Las ceremonias públicas fueron elegidas por la Corona como campo para esta batalla.
En dichas ocasiones los incas coloniales lucían sus vestiduras repletas de una variedad
de símbolos incaicos, simulacros del incario. La fiesta de Santiago (25 de julio) era la
más importante, ocupando el sitio primordial en el ciclo de diez semanas del Corpus
Christi (Cahill 1996; Dean 1990, 1993 y 1999; Fiedler 1985). Ese día se efectuaba una
procesión en la que los dos alfereces reales ocupaban los lugares más sobresalientes,
uno representando a los españoles, el otro a la nobleza indígena, marchando juntos
desde el cabildo municipal hasta la Catedral para allí escuchar misa.
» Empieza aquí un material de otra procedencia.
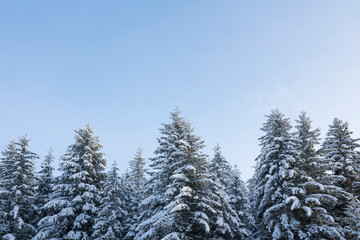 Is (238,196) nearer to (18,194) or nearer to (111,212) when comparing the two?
(111,212)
No sabemos qué
puedan haber pensado de este espectáculo los indígenas andinos que lo presenciaban,
ni los sobrevivientes de la nobleza inca. ¿Acaso lo consideraban un momento liminal
en el que se buscaba una comunión con los antepasados incas a través de un
preeminente festival religioso colonial y el cargo de alférez real del gobierno municipal
español? Después de todo, el rito ancestral era y es parte de la religión autóctona y
parece que la nobleza colonial seguía organizada en panacas, los linajes cuya función
principal antes de la Conquista era cuidar de sus respectivas momias. Los oficiales de
la Corona dirigieron su ataque, primero, contra las vestiduras incas y los símbolos
“paganos” lucidos en tales ocasiones públicas y, después, contra la misma organización
corporativa de la nobleza: los Veinticuatro Electores del Alférez Real.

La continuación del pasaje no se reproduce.